In Acts 9:42, we see that “many believed on the Lord.” Notice that wording “on the Lord.” I recently read this paragraph and loved how it explained this, “To believe does not mean to simply give intellectual assent to the claims of Christ. It means to transfer our trust to Him alone for our salvation. The most pointed question in the entire Bible is asked of the apostle Paul by a Philippian jailer: ‘What must I do to be saved?’ (Acts 16:30). Paul’s immediately reply follows in the next verse: ‘Believe on the Lord Jesus Christ, and you will be saved.’ I believe in George Washington, but I don’t believe on him; I don’t trust my life to him…” (The Joshua Code, p. 22).
In Acts 10:34, Peter explains that, “in every nation whoever fears Him and works righteousness is accepted by Him.” Again, it isn’t just about a simple prayer or even a basic belief. It’s about a lifestyle.
In Acts 17:30, Paul tells the men of Athens, that God “now commands all men everywhere to repent, because He has appointed a day on which He will judge the world in righteousness by the Man whom He has ordained…” It’s about repentance.
In Acts 22, Paul shares his testimony, and how Ananias had come to him, shared God’s plan for him, and then said, “And now why are you waiting? Arise and be baptized, and wash away your sins, calling on the name of the Lord” (22:16).
Isn’t it interesting how so many of these verses refer to repentance and baptism? Saying a prayer is easy – going the extra step of repenting and being baptized: those are more of a commitment.
I also find it interesting how in Acts 24:14 and 22, Christianity is referred to as “the Way.” It’s not just a religious label. It is a Way of life.
We could go back even earlier, to what Jesus had to say about salvation. We see that we must be born again. We see that we must know Him. We see that we must hear His voice and follow Him. We see that we must take up our cross daily.
Being a Christian isn’t about playing “Follow the Leader” in words only – but in all things. It isn’t about signing up for heaven – only to walk off and not get ready.
And just because you said a prayer as a five-year-old, or a fifty-five-year-old, doesn’t mean you’re getting to Heaven.

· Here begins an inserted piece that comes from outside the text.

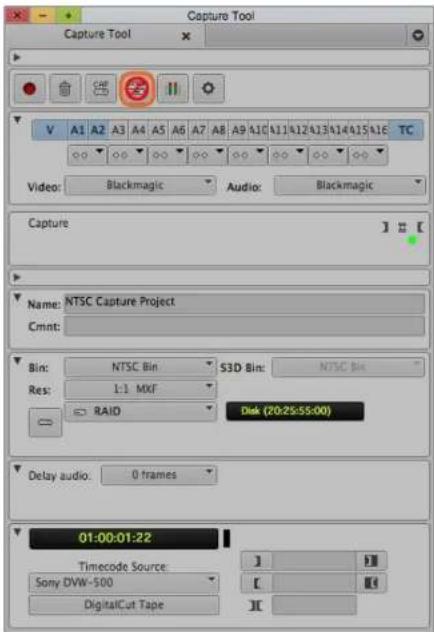 Capture Tool Capture Tool V A1 A2 A3 A4 A5 A6 A7 A8 A9 A10 A11 A12 A13 A14 A15 A16 TC Video: Blackmagic Audio: Blackmagic Capture Name: NTSC Capture Project Cmnt: Bin: NTSC Bin S3D Bin: NTSC Bin Res: 1:1 MXF RAID Disk (20:25:55:00) Delay audio: 0 frames 01:00:01:22 Timecode Source Sony DVW-500 DigitalCut Tape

Metanoeo. To think differently or afterwards, i.e. reconsider.
Repentance is more than just saying sorry. It’s about turning away from your sins. Have you done this?
Baptizo. To make whelmed (fully wet).
Have you buried your old man and risen anew in Christ through baptism?
Receive the Holy Spirit.
Does the Spirit bear witness with your spirit that you are a child of God? Does your life show evidence of change?
If you can meet all of those criteria – if you can share your testimony with me about how the Lord has changed your life – then I can rejoice with you.
“Not everyone who says to Me, ‘Lord, Lord,’ shall enter the kingdom of heaven, but he who does the will of My Father in heaven” (Matt. 7:21).
“…a tree is known by its fruit” (Matt. 12:33).